■ **Problem details**
Your answer must be the lines of the material below, exactly as written, from its first line through the line with "Set cards with", and no pictures.

[[ Given data open ]]

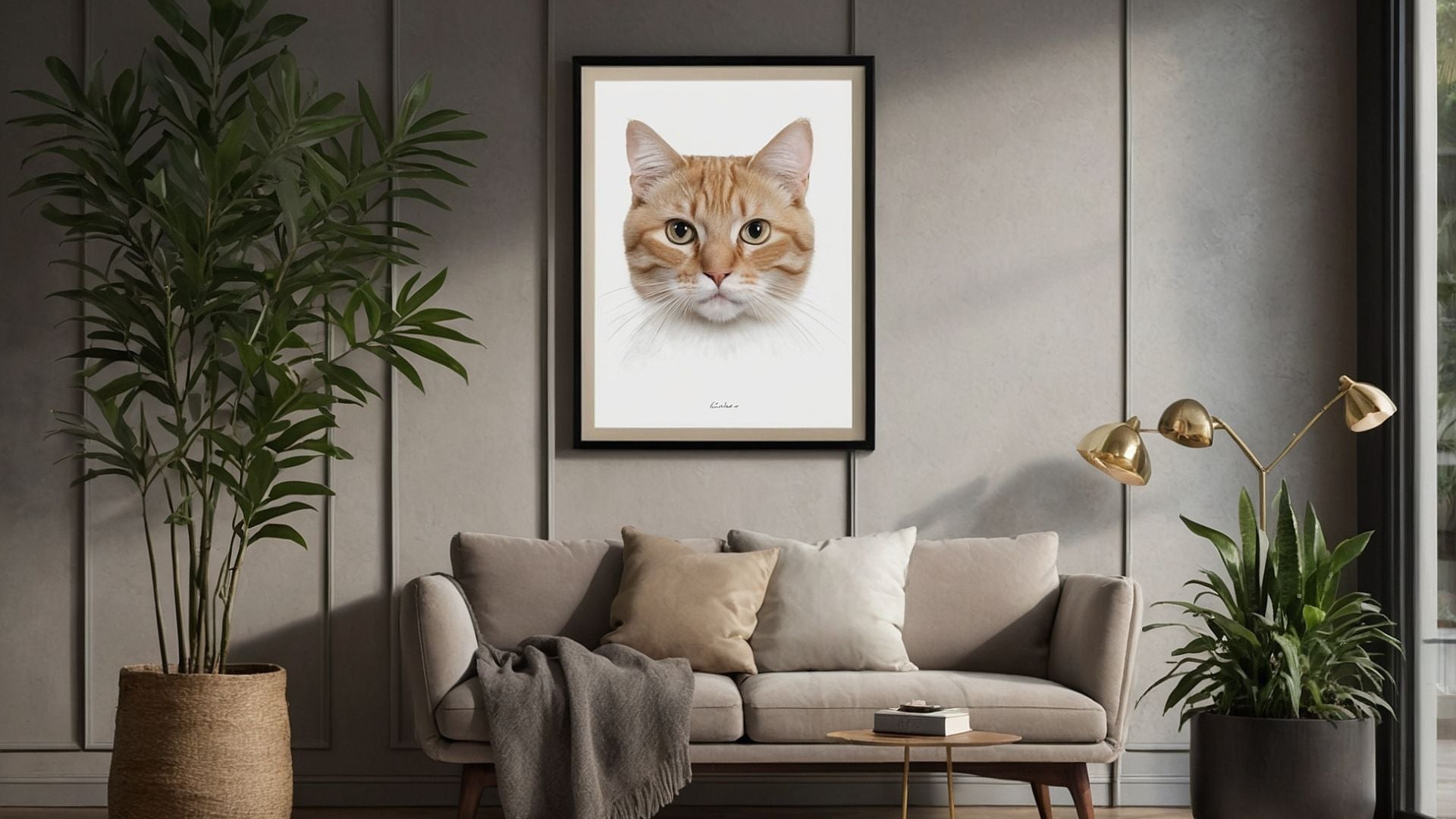 Tableau encadré représentant un chat élégant dans un intérieur moderne et raffiné, en format vertical ou horizontal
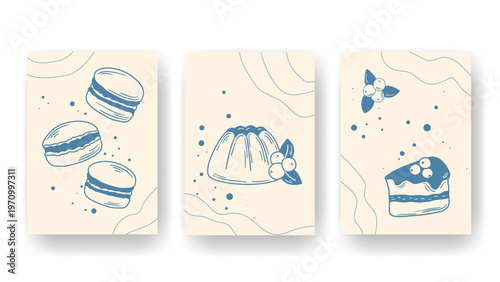 Set cards with sweet pastries and desserts in uniform style. Vertical template with hand-drawn treats. Poster, postcard, flyer, leaflet, brochure design. Vector graphics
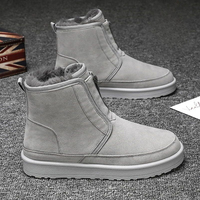 Men's Vintage Style Zipper Winter Snow Boots Thickened Fleece Lined Warm Fur Platform Sole Slip Resistant Bread Cotton Shoes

[[ Given data closed ]]

■ **Your response**
 Tableau encadré représentant un chat élégant dans un intérieur moderne et raffiné, en format vertical ou horizontal
 Set cards with sweet pastries and desserts in uniform style. Vertical template with hand-drawn treats. Poster, postcard, flyer, leaflet, brochure design. Vector graphics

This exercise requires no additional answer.